Felice Casson, qui urge rettifica: devi scegliere tra Venezia e il Senato, se no è troppo comodo

sabato, 27 dicembre 2014

Leggo l’intervista rilasciata da Felice Casson a Andrea Scanzi per “Il Fatto”, della quale mi attrae il titolo: “Al Senato incidiamo poco, me ne torno a Venezia”. Sapevo che Casson ci puntava ancora, a fare il sindaco di Venezia, dopo averci provato invano anni fa. Mi infastidisce un po’ che dopo aver trascorso al Senato un paio di legislature adoperi il vezzo di considerarsene tuttora “esterno” ma, si sa, la battuta demagogica è sempre in agguato. Specie quando ci si prepara alla competizione delle primarie. Sono comunque portato a apprezzare la scelta di vita di un politico che si mette al servizio della sua città -proponendosi per il faticosissimo lavoro di sindaco- e che per fare ciò è disposto a rinunciare alla ribalta nazionale. Bene, bravo. Quand’ecco che m’imbatto in un dettaglio imbarazzante. Quando Scanzi gli chiede se lascia il Parlamento perchè lì per uno come lui si sono ristretti gli spazi politici, questa è la testuale risposta di Casson: “Non scappo. Se fallirò a Venezia, continuerò le mie battaglie in Senato”.
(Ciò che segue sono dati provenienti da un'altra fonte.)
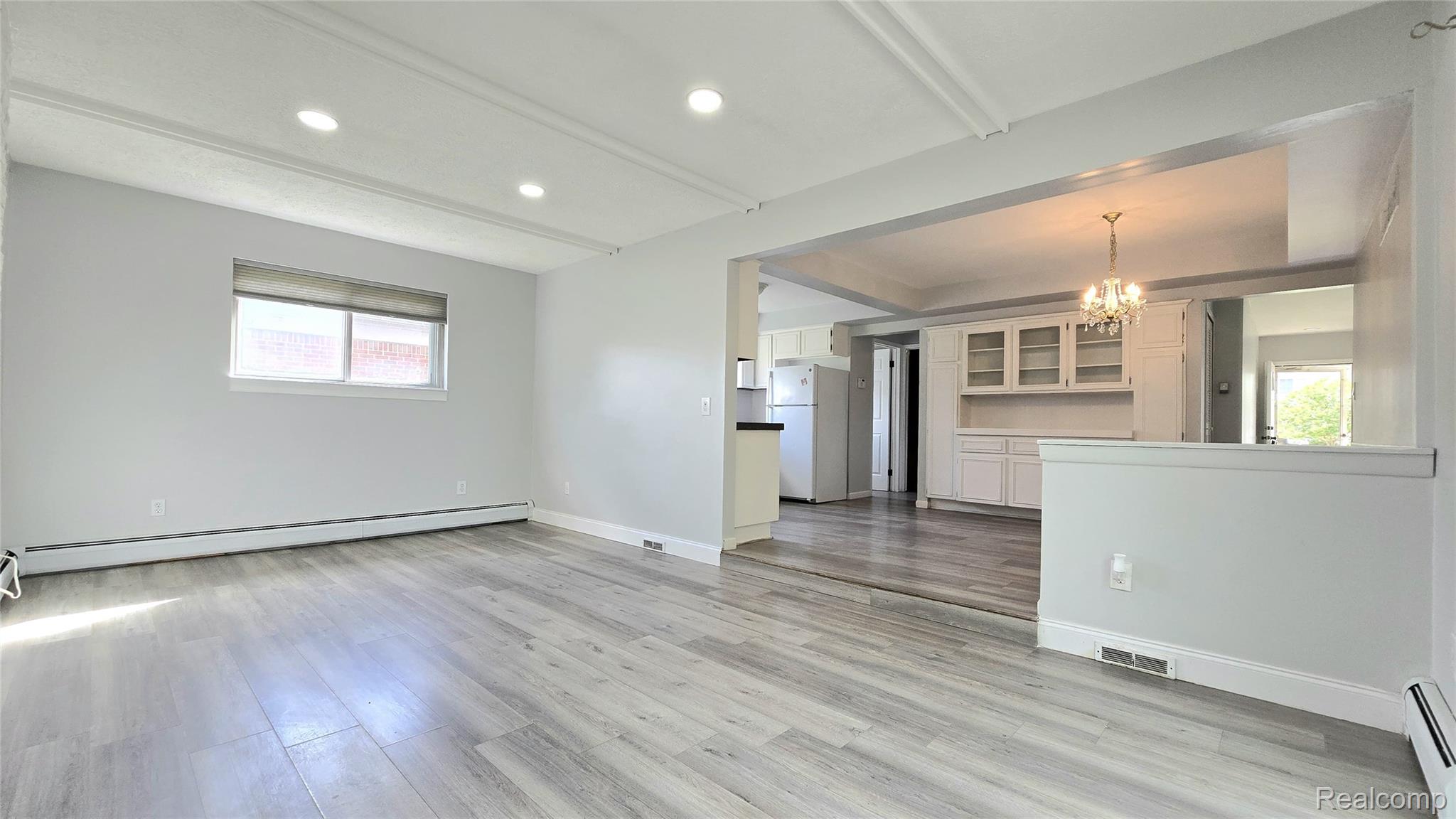 34294 Greentrees Road Sterling Heights, MI 48312 - Photo 15 of 20 WhatsApp Image 2026-09-24 at 15.37.42.jpeg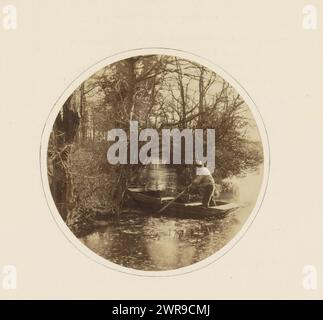 Man on a rowing boat at the shore of a lake, William Morris Grundy, Sutton (Greater London), c. 1851 - in or before 1861, photographic support, albumen print, height 76 mm × width 76, photograph Stock Photo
Ammantata di retorica del coraggio e di metafora bellica, questa risposta significa: mi candido a sindaco di Venezia ma se lì non ce la faccio mi tengo il posto di riserva al Senato. Col cavolo che mi dimetto”. Qui urge rettifica, caro Casson. Sicuramente Scanzi avrà trascritto male il tuo pensiero, non è vero?